# [SOLVED] Windows 98 Help Please....



## FireZtar10 (Jan 9, 2004)

i have a compaq presario 7478 , when i click properties on my computer i have :system microsoft windows 98 secodn edition 4.10.2222 A :computer: AuthenticAMD AMD-K6(tm) 3D processor 56.0 ram... i think i shound install more ram but i think first things first. i need to fix my computer to fix the colors & not have huge settings... but i dont want to used my quick restore disk because i tryed it & resulted me not having any OS.. & had to reformat and reinstall win 98 se again for the 3rd time...dont know if you need any more info .. oh ... i have an ethernet card installed but i did it b 4 i had the whole trouble & it seems installed and it says it working fine but i cant connect to the internet because i get an error saying

MSoobe caused an invalid page fault in module<unknown> at 0000:00000009.
and has more things but i dont feel like typing it down but if you think i need to see it the let me know and i will type it down...

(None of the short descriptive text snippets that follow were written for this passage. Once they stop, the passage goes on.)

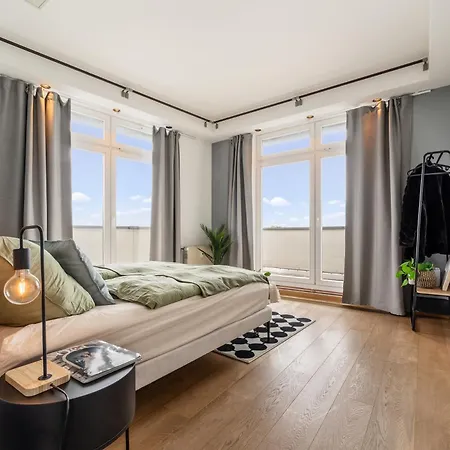 Urban Loft - 180 Skyline Balkon - 2 Sz - Hbf Berlin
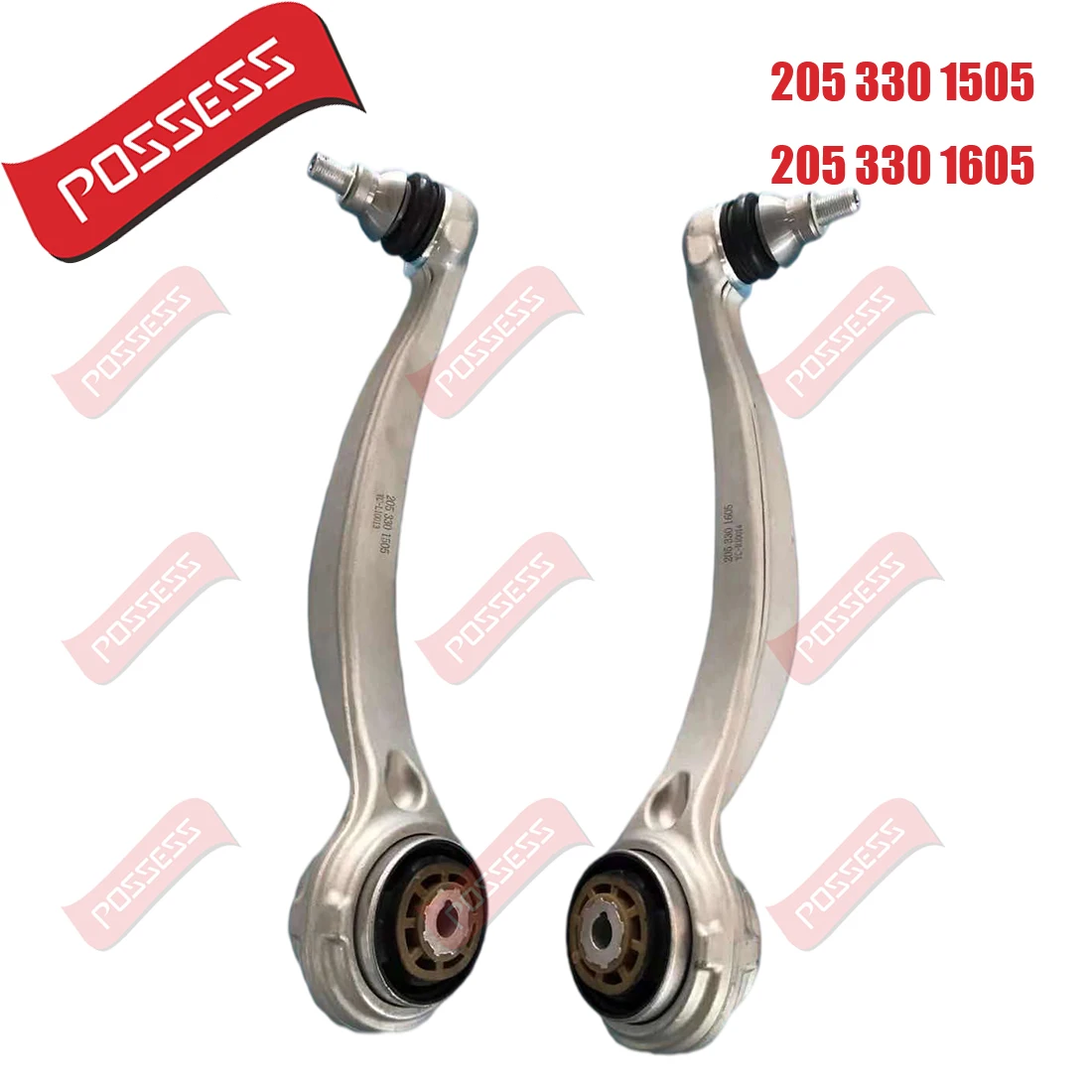 

A Pair of Front Lower Suspension Curve Control Arm For Mercedes-Benz C-class W205 S205 C205,E-Class W213 S213 A238 Two-Drive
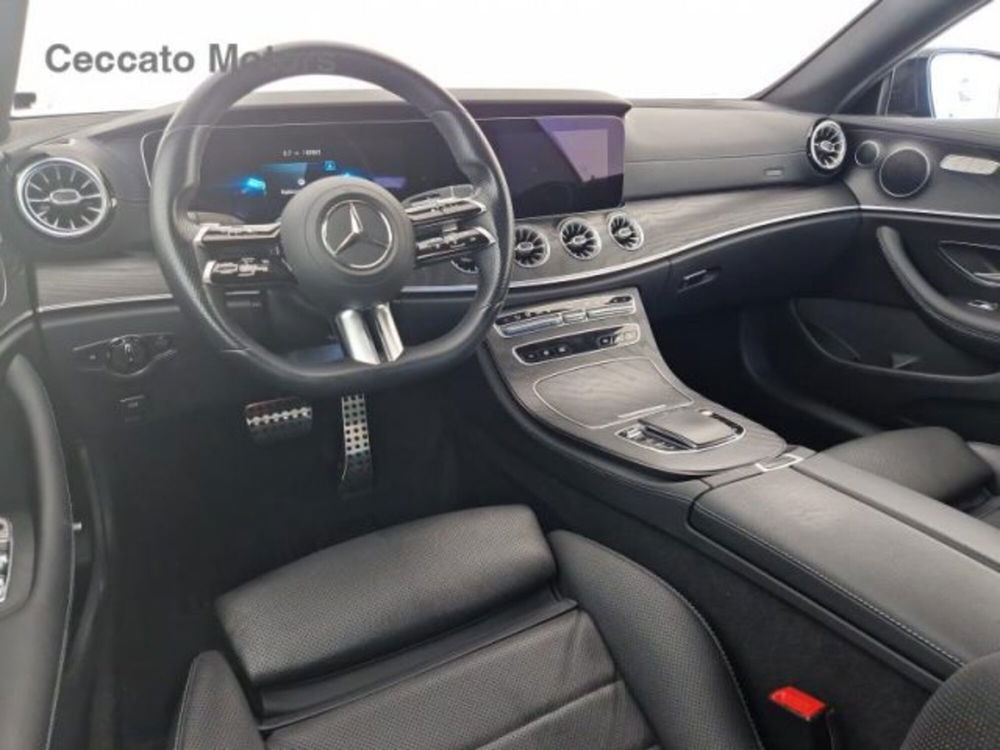 Mercedes-Benz Classe E Coupé usata a Padova (6)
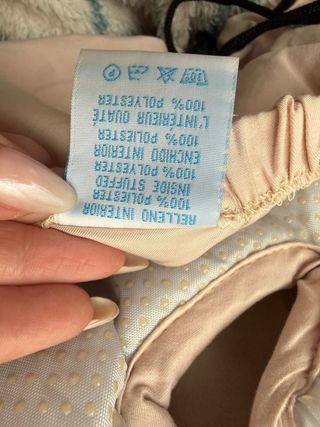 Saco para carrito de bebé con jirafa y elefante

when i turn on my coputer its says

cannot find a device file that may b needed to run windows or a window appliciation .the windows registry or system.ini fiel refers to the device file,but the device file no longer exixst.
if you delted the file on purpose try using unistalling the associated application using its unistall or setup program.
if you still want to use the application associated with this device file try reinstallung the application .

vnetsup.vxd
vredir.vxd
dfs.vxd
then i press any key & it goes to my desktop but the i get a windowns networking
unable to load the dynamic link library:
msnp32.dll
system cant find it

then it goes to my desktop.But i want to fix this so i can get the settings back the way i had it when i was able to use my quick restore disk.ok now what can i do to fix those problem so then i can get my other setting fixed as i mention like my color(only have 2bit & 16bit , when i was ablt tp use the quckrestore disk i had more options here) fix my screen area and be able to connect to the internet this is installed right but wont let me connect to the internet.PLEASE ANY ONE HELP.jUST WANT TO GET MY ORIGINAL SETTING BACK IF ITS POSSIBLE.


----------



## rugrat (Dec 17, 2001)

Did you try to load XP on this machine at one time? MSoobe is the winXP activation program.


----------



## FireZtar10 (Jan 9, 2004)

yes i did .but my pc was ok i had windows 98 and only problem was getting a blue screen , i never formated it.so when i tryed to install xp it crashed and a blue screen showed up .so when i turned it on it said no OS found.thats when i decided to format my pc delete my partions & create a new one.then from there you can read what i typed b 4 ...so any help will be really apreciated... if i had the money i would just get it repaired ..better yet just buy a new pc ... but i want to learn & fix it .. beside i dont have money lol....


----------



## rugrat (Dec 17, 2001)

Sounds like the format did not go well since msoobe is still on there. I would suggest booting with the 98 boot disk then at the a: prompt type in format C:
and trying to reinstall 98 again.
Note: there is a space between format and C:

Let us know


----------



## FireZtar10 (Jan 9, 2004)

yeah well i have done it 3 times because the second time i tryed using the quickrecovery disk... the win 98 se is original but its my friends although i used my product key.when i tryed using the compaq quick recovery disk it was was working fine until it froze during the process & copying.... i also had a forum on that a few days ago but didnt really help.since not may people replyed with some info that could of helped which i already knew.......well i hope you can keep helping me.. im off to eat so i'll check back later....


----------



## FireZtar10 (Jan 9, 2004)

i also see i have 3 diff window folders... windows000 , windows 001 etc... dontknow what to do with those either..


----------



## rugrat (Dec 17, 2001)

If you use a win98 boot disk and format the drive, any and all folders should be deleted. Go here,
http://bootdisk.com/bootdisk.htm
and download the win98se OEM boot disk to your drive.Put a formatted floppy in the A drive and double click the download. It should then create a good boot disk. Boot with this disk in the floppy. Once you do the "format C:" without the quotes at the A: prompt, you should be able to use your original restore disk by booting again to the floppy, then switch to your cd with the cd in the drive,then type setup and hit the enter key.
If your cd was D: once you boot to the floppy it will be E:
So, at the A: prompt type E: then type setup. The boot disk moves the cd rom down one letter.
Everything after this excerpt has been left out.